MIAMI — The investment scam by Fort Lauderdale attorney
Scott Rothstein “could well exceed $1 billion,” making it one of the
biggest fraud cases in South Florida history, the head of the FBI in Miami said
Thursday.
Special Agent in Charge John Gillies declined to say whether
other people were involved with the lawyer’s Ponzi scheme, but said, “I do
not believe this was a one-man show.”
Gillies, speaking at a news conference, took the unusual
step of asking possible Rothstein victims to step forward.
The FBI and IRS are urging investors to call or e-mail with
information and verification of business dealings with Rothstein. Agents will
then pore over the information and respond first to the biggest victims — a
process that could take weeks, Gillies said.

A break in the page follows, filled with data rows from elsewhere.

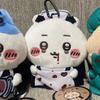 Chiikawa Хэллоуин Кошелек-мешочек Гамагучи Набор 3 Плюшевых Хативарэ Усаги FS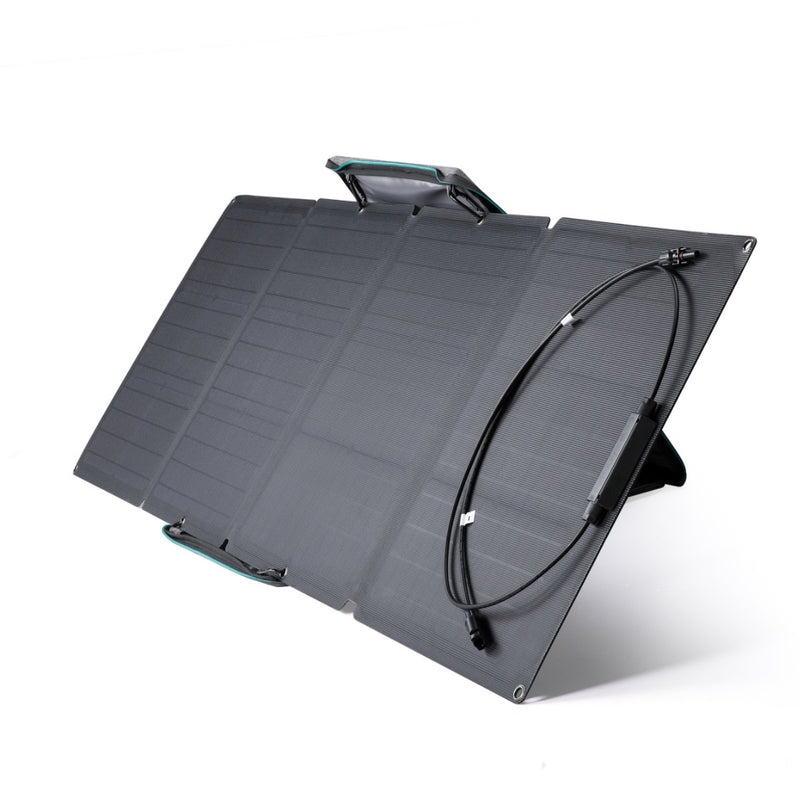 Panel solar portátil EcoFlow de 110 W (versión mejorada)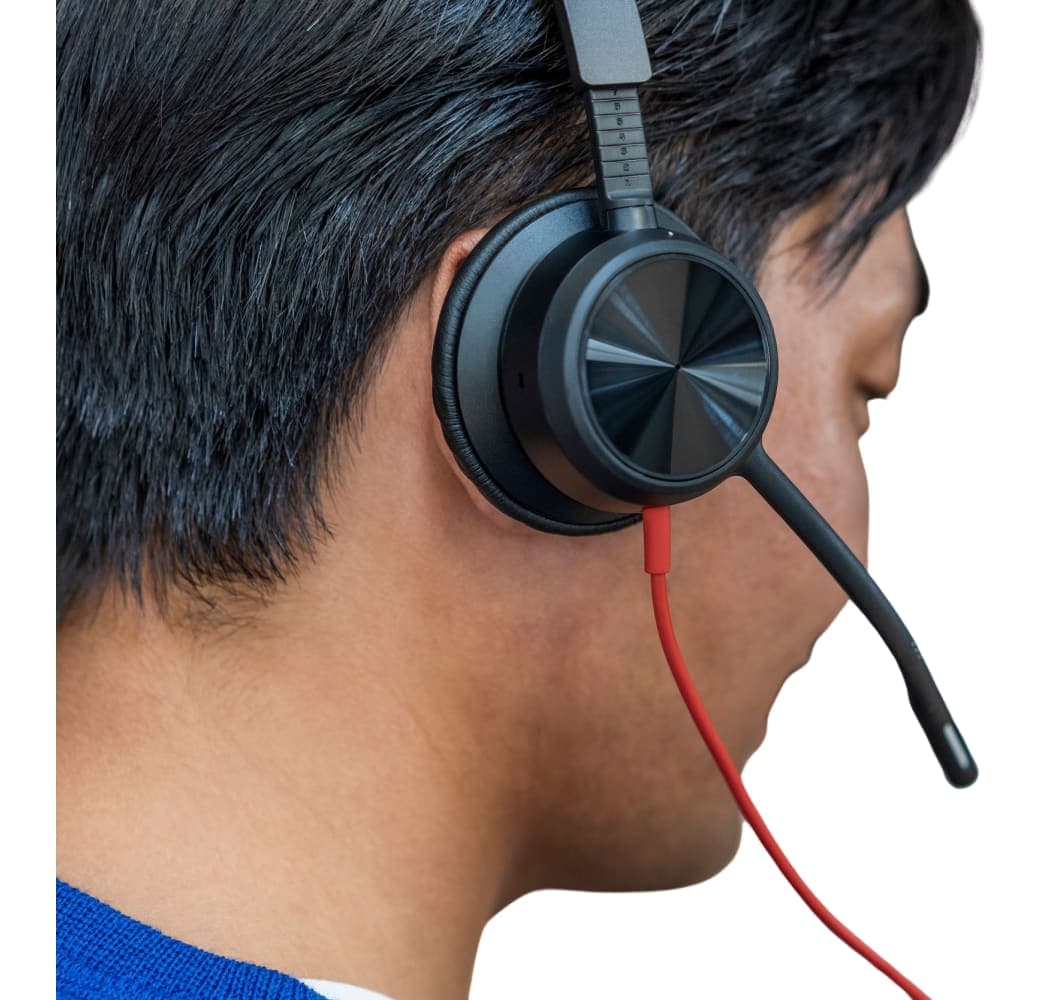 Black Poly Blackwire C8225 Stereo USB-C/A Office Headphones.2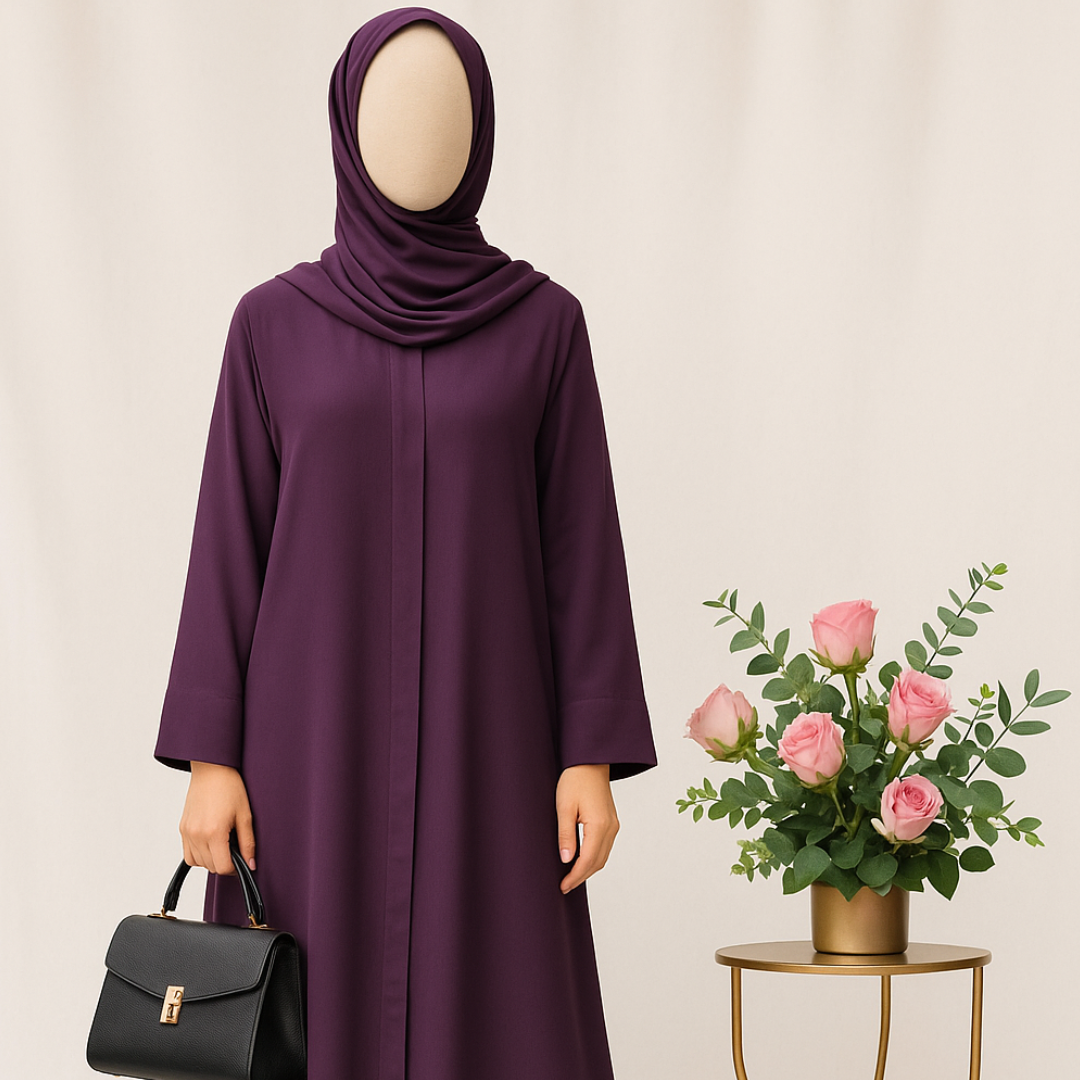 Lawn Abaya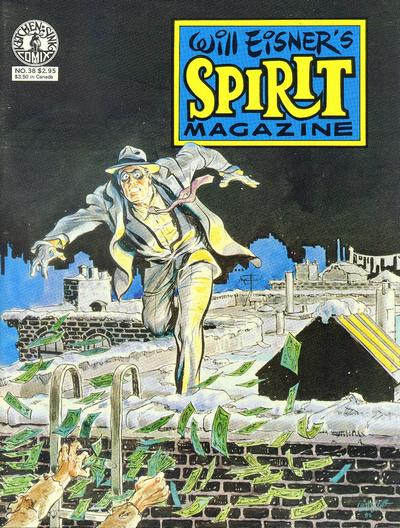 The Spirit #38 (1982)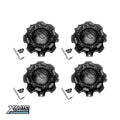 FUEL CAP BOLT ON (MBLK/GBLK) - 8X6.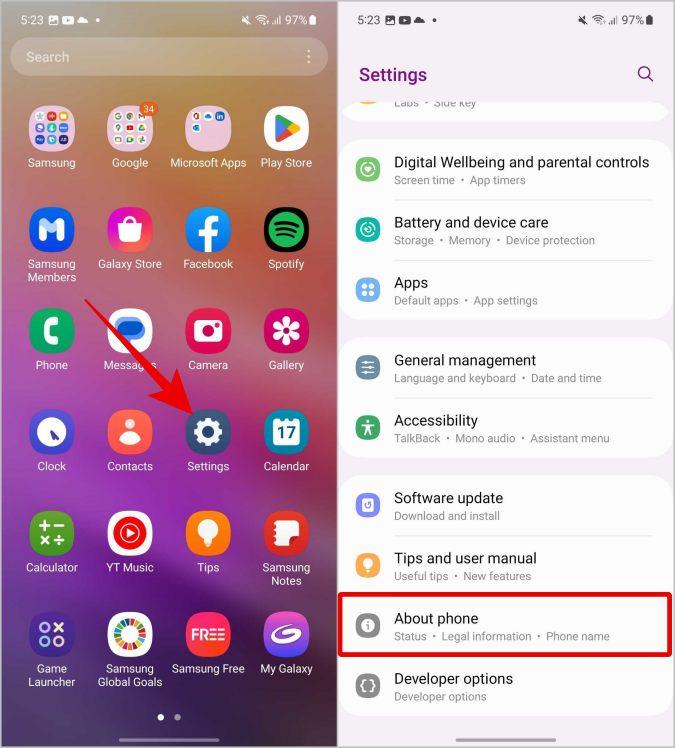 我的 Android 手機型號和名稱是什麼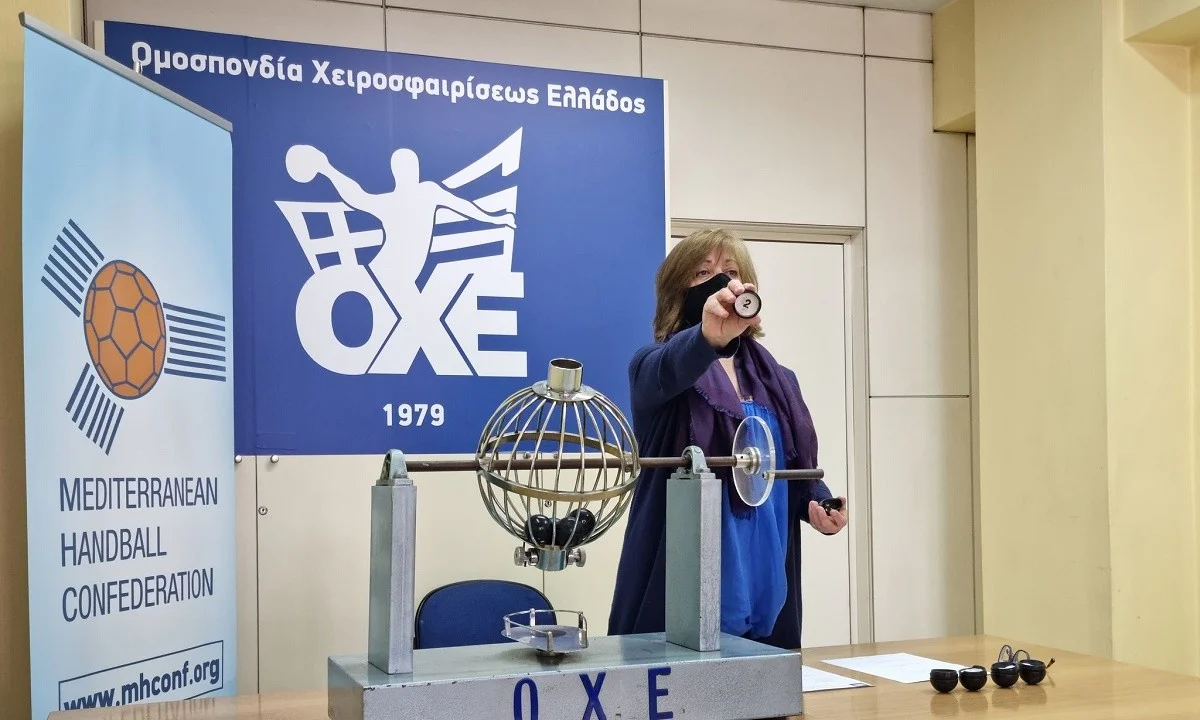 Χάντμπολ ανδρών: Η κλήρωση του κυπέλλου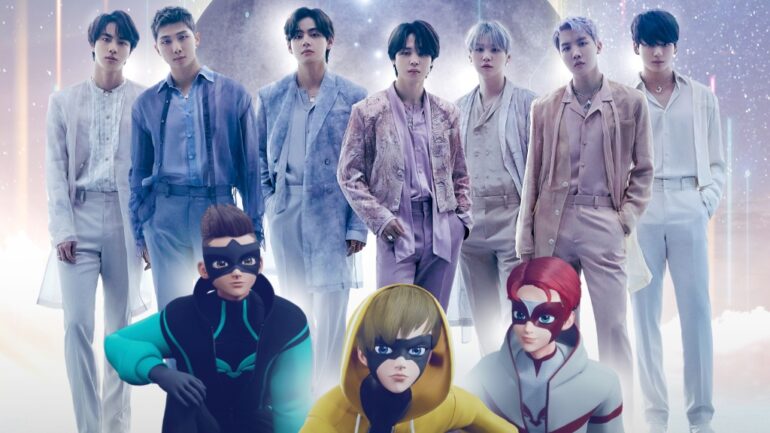 ‘Bastions’: Animated superhero series with music from BTS heads to CrunchyRoll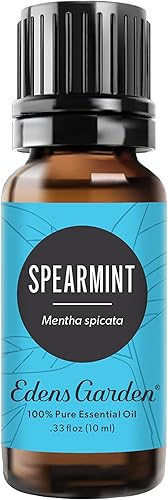 Edens Garden Aceite Esencial de Hierbabuena - 100% Puro Grado Premium, Sin Diluir, Natural, Terapéutico, Aromaterapia, Lo Mejor para Difusor, Vela,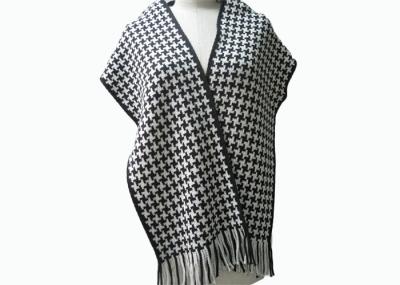 Custom jacquard acrylic Acrylic Knit Scarf / Warm Winter Wraps Shawls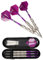 hopewey Steel Tip Dartpfeile, 3 Stück 23 Gramm Darts Steeldarts Profi dartpfeile Steeldarts dartscheibe 23 g Dartset Schwarz Beschichtete Metallfässer mit Hard Box Case D6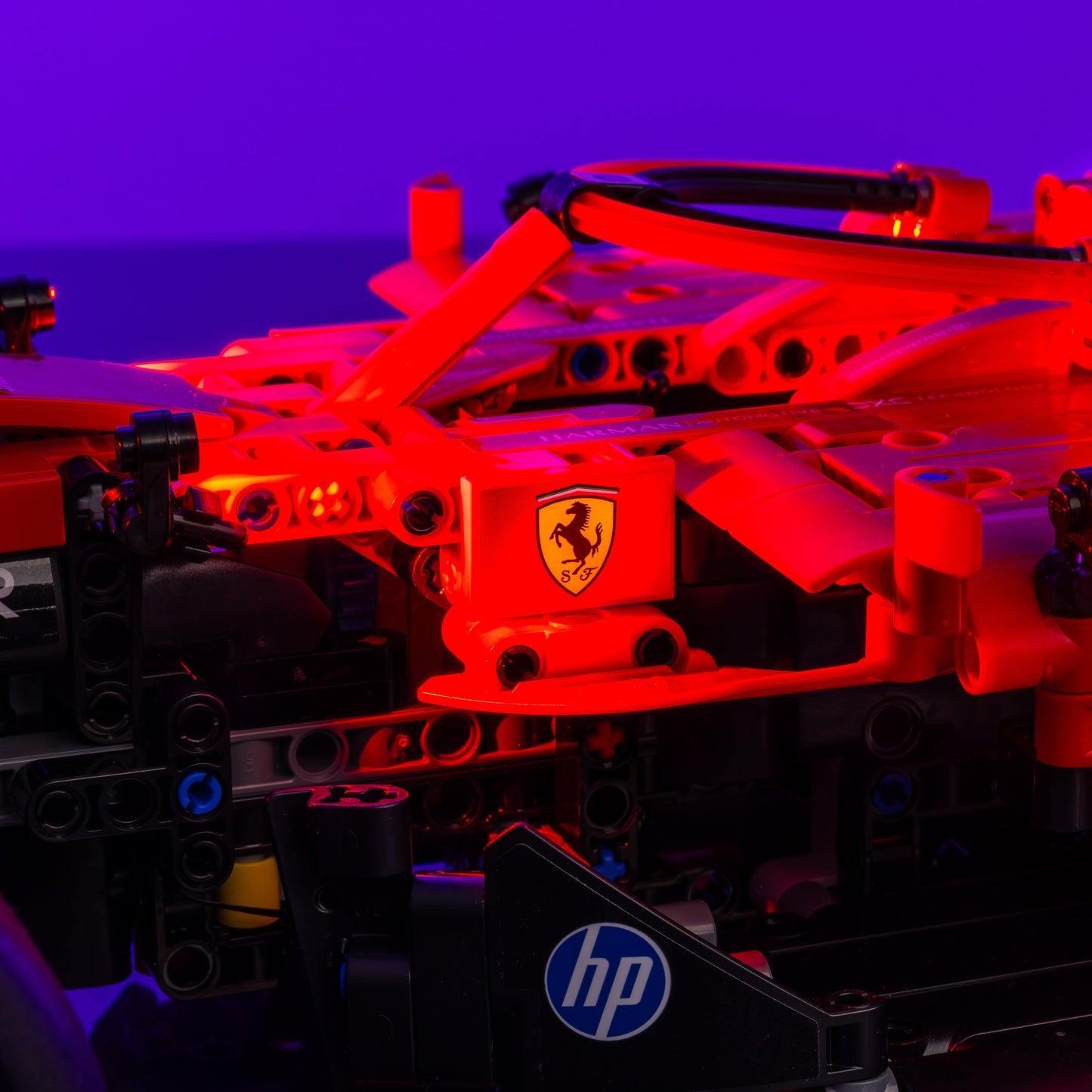 Desktrim™ | Light Kit for LEGO® Ferrari SF-24 F1 Car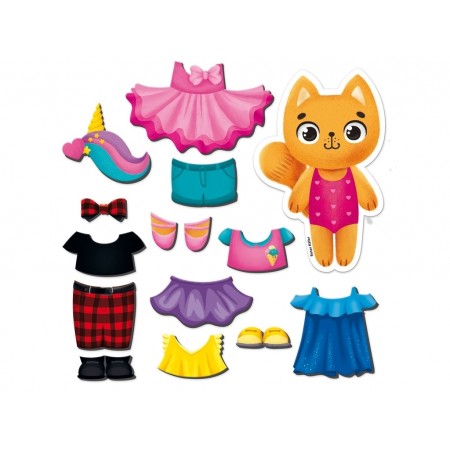 Магнитная игра A kitty, Roter Kafer RK2120-06 Магнитная игра A kitty, Roter Kafer RK2120-06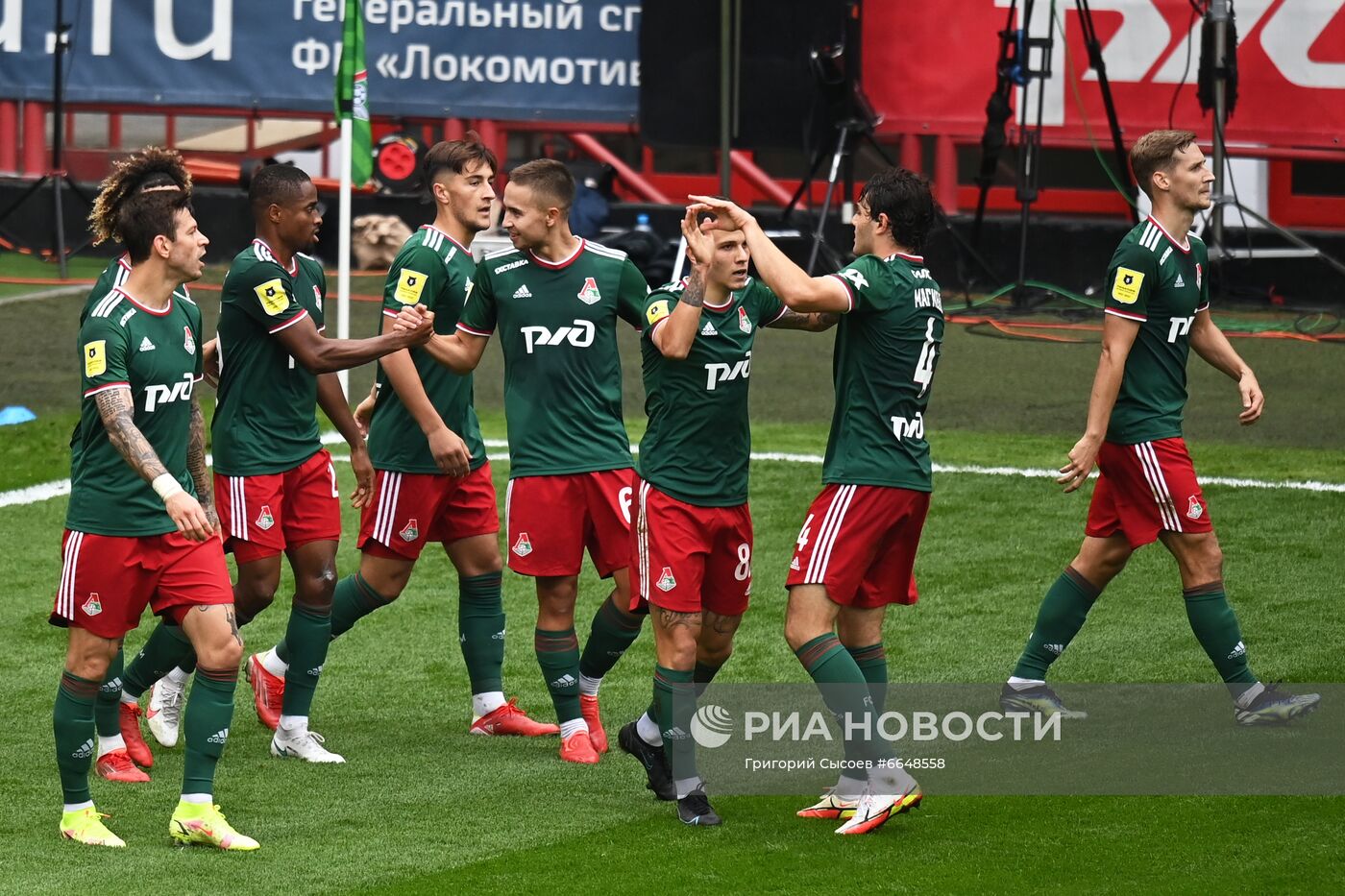 Футбол. РПЛ. Матч "Локомотив" - "Крылья Советов"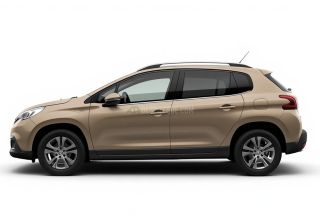 Despiece Peugeot 2008 (Versión 2016) 1.6 BlueHD (75 cv) 2016 beige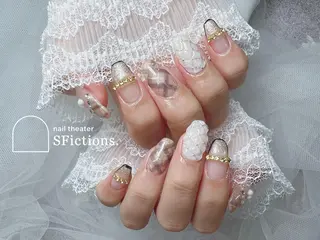 ネイル 北名古屋　ネイル SFictions.のネイルデザイン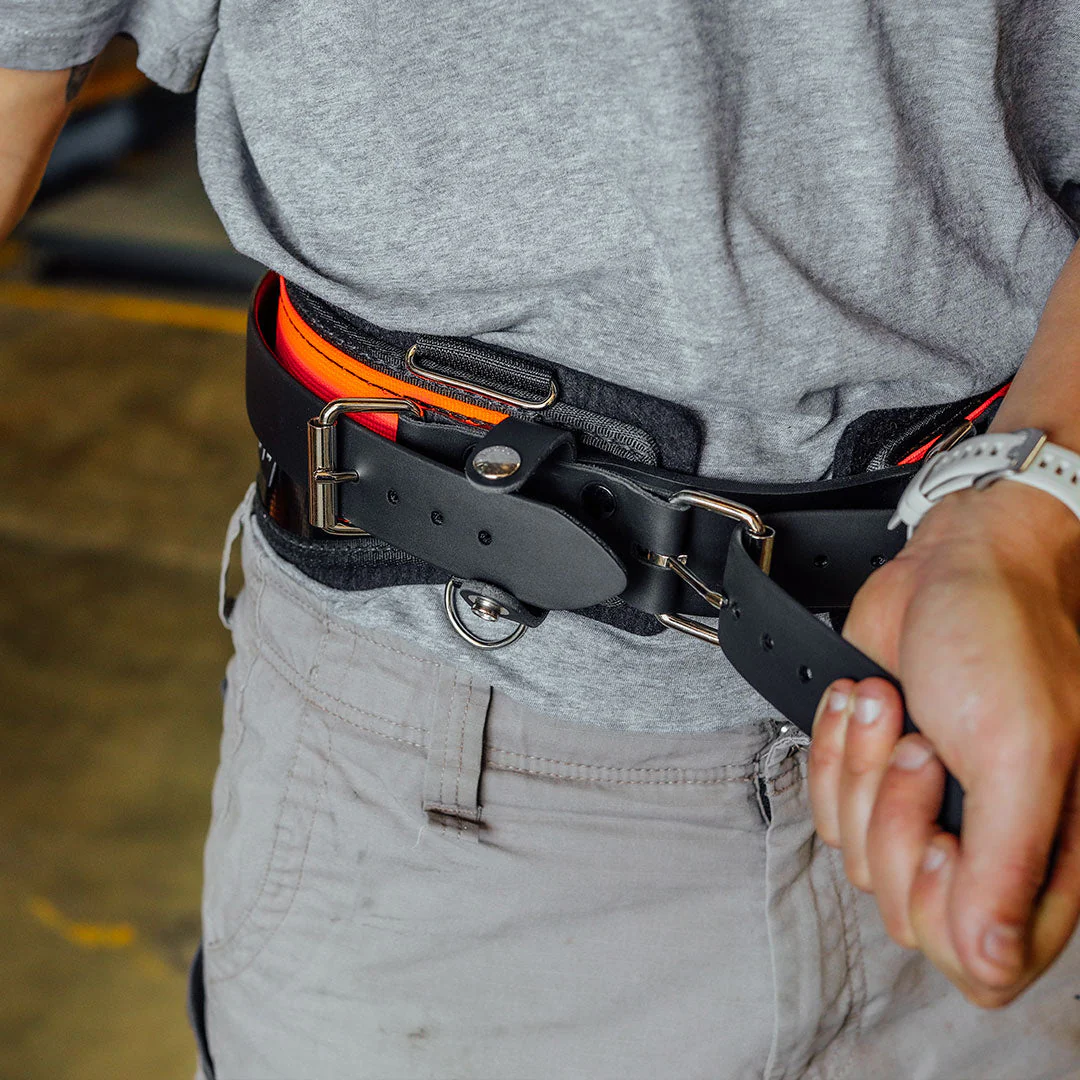 Back Support Miners Belt with extra quick release strap - Image 9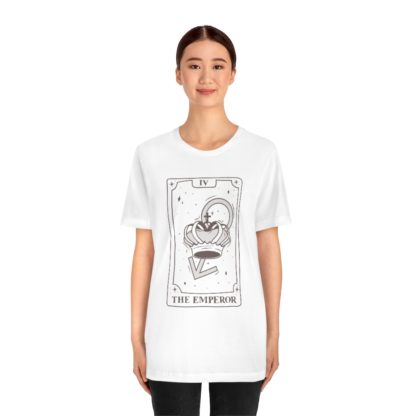 The Emperor Tarot Card Tee - Image 5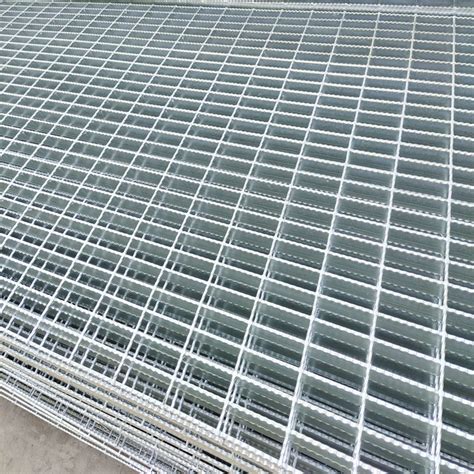 Galvanized Steel Driveway Grating Floor Heavy Duty Metal Bearing Bar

Asked why the FBI had not yet arrested Rothstein, 47,
Gillies responded: “We are conducting this investigation in a timely
manner, but we will not be rushed. We will be thorough, and we are far from
over. … I’d like to let the public know this case is going to take
time.”
Adding to the delay: Agents also are investigating other
people in Rothstein’s inner circle who might have been involved, both in his
law practice and at a finance firm in the same Las Olas Boulevard building as
the Rothstein Rosenfeldt Adler law firm.
They include Rothstein’s legal and business advisor, David
Boden; the law firm’s chief financial officer, Irene Stay; the law firm’s chief
operating officer, Debra Villegas; and Rothstein’s uncle, Bill Brock, who went
with him on a trip to Morocco in late October when the investment scandal
exploded.
Rothstein’s investors, law firm and law clients have accused
him of ripping them off by selling fabricated employment-discrimination
settlements. The IRS is looking at American and foreign bank accounts to
determine where Rothstein may have stashed the money he collected, and how it
was spent to support his lavish lifestyle.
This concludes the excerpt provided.